The Impala collection consisted of a sleeper sofa, armchair, and table—each with low-slung tubular steel frames and, for the seating, vibrant upholstery. The early 1970s was a high time for eccentrically designed sofas. Michel Ducaroy's now-infamous Togo sofa was introduced at Paris' Salon des Arts Ménagers, and Mario Bellini created Le Bambole for B&B Italia. Ikea's Impala packed a similar aesthetic punch at a fraction of the price. The 1972 catalog copy asked: "Do you think of IMPALA as a luxurious, different, 'difficult', fashion-conscious or even just an ordinary piece of furniture?"

The Impala sofa in its hero color: a supremely sunny shade of yellow; Courtesy of Bukowskis Auction House.
Ikea's founder Ingvar Kamprad was convinced the design would flop. It was too outlandish to sell well. He was so confident in his thinking, he bet his designer a bottle of whiskey that no one would buy it. The Impala sofa became one of the catalog's best sellers. "Ingvar slunk in dragging that whiskey bottle," Lungdren recalled in Ikea, the Book. Regardless, the entire Impala collection was discontinued by the following year because it was deemed too expensive to produce. (It has never been put back into production.) In recent years, though, vintage Impala pieces have become collector's items. The chair sells in the range of $3,000; Ikea originally sold it for $40, or $266 in today's dollars.

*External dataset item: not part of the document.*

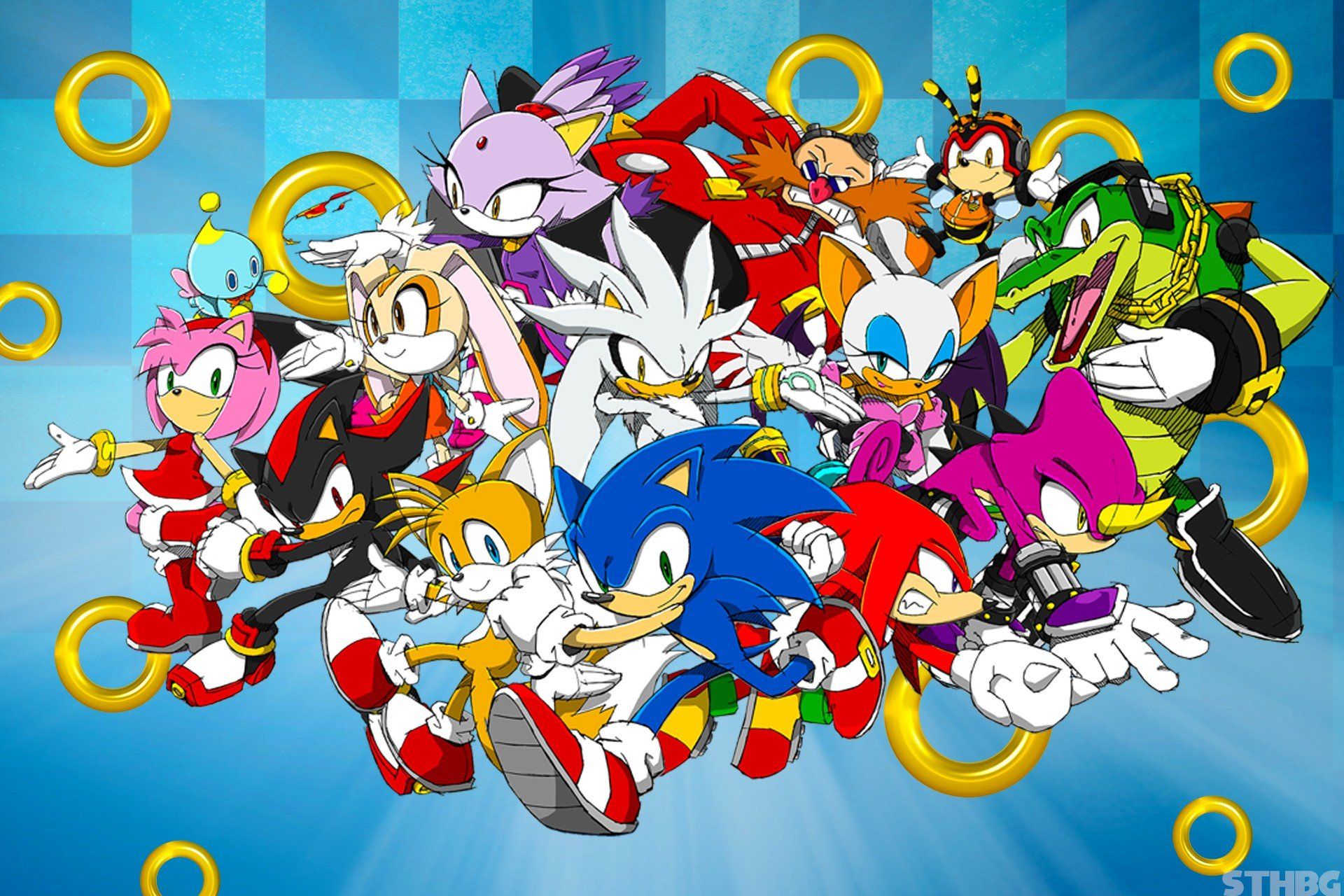 Personaggi Sonic the Hedgehog gruppo, Sega, 1920x1280 WUXGA, Desktop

Born in southern Sweden in 1929, Lungdren took a roundabout route to his influential design perch. He studied to be a draftsman at the Malmö Institute of Technology and joined Ikea as a catalog manager, the company's fourth employee. He was focused more on operations and production. Eventually, he worked to become Ikea's first-ever design manager and is even credited with creating the company logo. However, Lungdren's most significant contribution to the company was pushing towards "flat-pack" furniture. While on his way to a photo shoot for the catalog, he removed the legs of a table so it could fit into a car. That was all it took—Ikea's pivot to ready-to-assemble furniture came shortly after that revelation.

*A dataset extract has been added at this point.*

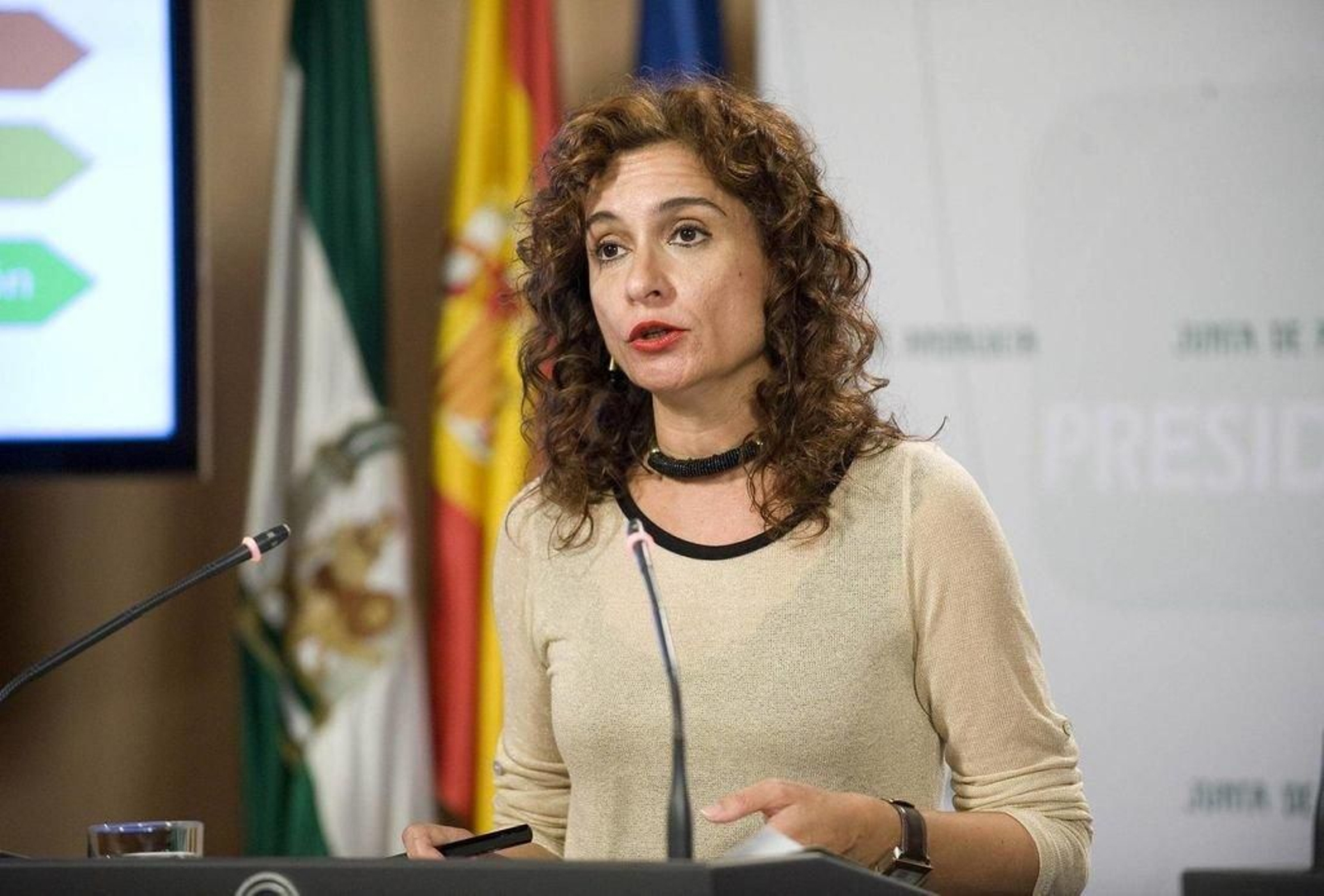 María Jesús Montero, ministra de Hacienda durante una comparecencia.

'Tema' teak book cases by Gillis Lundgren for Ikea, 1950; Courtesy of Bukowskis Auction House.C
Lundgren passed away in 2016, but the Billy bookcase and catalog scans of his more avant-garde creations will live forever. Within the past two years, there has been a noticeable uptick of interest in vintage Ikea. The phenomenon has been written up everywhere from Architectural Digest to Financial Times and GQ. It feels like more eyes are on the Impala collection and other pieces from Lundgren's heyday than ever before.
I'm tickled that the very same mind designed both a funkadelic canary-yellow sofa and also the world's most prevalent (and boring) bookcase. "Ideas are perishable," he once told a journalist, "and you have to capture the moment as soon as it arrives." I imagine that Lungren had no shortage of ideas, and Ikea's hunger for volume was a worthy home for his technically-minded creativity. He worked there for over 60 years, creating 200+ designs in all shapes and silhouettes, oscillating from arty and unconventional to minimalist and practical. Not too shabby of a legacy for a former catalog manager.